But it’s probably most important.
Growing up, there comes a point where we begin to learn important elements of adulting in preparation for entering the real world. We learn how to manage money and be more responsible. We start to take school more seriously. We get jobs and may even pay a couple of bills. Our behavior evolves. Eventually, our decisions become more logical and we do fewer stupid things.
We grow as individuals and mature in most areas. One area that often goes unnurtured during this process, however, is our emotional maturity. It’s frequently overlooked, though I’d argue it’s one of the most vital aspects of our being. Our emotional state influences so much of the person that we become.
In being taught the fundamentals of managing our lives, rarely is a focus on emotional development among the lessons. But it should be. We need to learn to maturely express ourselves. And be comfortable having open, honest, respectful communication about the way that we feel.
Being emotionally immature is a hindrance in romantic relationships. It leads to people playing games and being dishonest, while unable to ever have a serious discussion about anything. These are usually the ones who consistently bolt when feelings get “too real.” We do this when our emotional maturity isn’t at a level that can handle giving and receiving love. Such depth of connection is too much.
Communication is key in any type of healthy relationship. And emotional maturity is the key to effective communication. When underdeveloped, we avoid heavy conversation. It feels foreign and unnerving.

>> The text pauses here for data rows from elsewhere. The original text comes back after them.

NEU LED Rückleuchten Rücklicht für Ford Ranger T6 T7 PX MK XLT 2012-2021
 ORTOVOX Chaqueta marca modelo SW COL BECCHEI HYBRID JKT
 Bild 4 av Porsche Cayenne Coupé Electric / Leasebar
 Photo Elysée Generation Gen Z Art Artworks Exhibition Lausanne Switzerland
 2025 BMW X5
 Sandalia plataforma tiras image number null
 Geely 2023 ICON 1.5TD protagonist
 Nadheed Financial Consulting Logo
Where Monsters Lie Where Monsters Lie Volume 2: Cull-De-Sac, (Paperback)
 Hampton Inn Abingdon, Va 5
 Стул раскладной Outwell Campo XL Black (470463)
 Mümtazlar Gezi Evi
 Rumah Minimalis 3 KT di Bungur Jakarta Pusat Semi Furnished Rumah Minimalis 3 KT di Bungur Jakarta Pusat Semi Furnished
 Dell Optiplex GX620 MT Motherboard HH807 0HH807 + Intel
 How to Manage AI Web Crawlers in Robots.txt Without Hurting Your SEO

Emotional maturity affects our ability to accept criticism, as well as respond appropriately. If lacking in this area, it is tough to handle difficult situations without escalating them. When told that we’re wrong, need to work on something, or anything else undesirable, emotional immaturity will respond by growing defensive and placing blame elsewhere. Everything is taken personally, as a slight. The capability to assess the situation and take responsibility for fixing what’s broken is nonexistent.
I’ve been in relationships, all kinds, where you’re almost afraid to tell the other person that they hurt or angered you because you know that no matter how gently it is expressed, they’ll get upset. Their reaction will be emotionally volatile. It’s unmanageable. Either this or they will just shut down and not want to deal with it, or you at all. Actually having calm, productive dialogue about the issue is out of the question.
Isn’t that something? The person who has potentially been offended is apprehensive about saying so because they know such a proclamation will be ill-received, and possibly lead to them feeling even worse. Those emotionally immature are masters at reverse psychology. They’ll have you believing YOU did something wrong in the end.
I’ve also been the person who struggles to say what they want and just expects others to know — then gets upset when they don’t! I’ve hurt my own feelings by having expectations of others of which they were not aware and naturally did not meet. We all likely have or had areas where the underdevelopment of our emotional health was evident.
It’s in the way that we handle pain. The difference between finding a way to heal and taking it out on others, or holding it in to our own detriment. It’s in our capacity to express empathy, objectivity and accountability. It’s in our willingness to be vulnerable for the progress of a relationship.
But no one teaches us that. We’re not taught how to grow emotionally. Seldom do we learn how to constructively process others not liking or wanting us. We aren’t shown how to let go and move on when we don’t want to. No one sits us down and says, “be an open book, let people in, it’s OK.” We aren’t told that how others respond to our truth is their problem, not ours.
Lucky you if you were.
Most of us end up learning as we go along, unlearning and then learning again. We guard our feelings rather than express them, for fear of being hurt, for protection and control. We take criticism as an indictment of our character or worth as a person.
Then hopefully, someday we start to recognize our emotional roadblocks and value the maturation process that needs to occur. We take it more seriously as our desire to be whole, cultivate meaningful life and relationship experiences increases. The gravity of it all becomes more apparent.
Imagine the heartache and disappointment we would’ve potentially been spared had it been properly weighted among all other forms of maturity to begin with.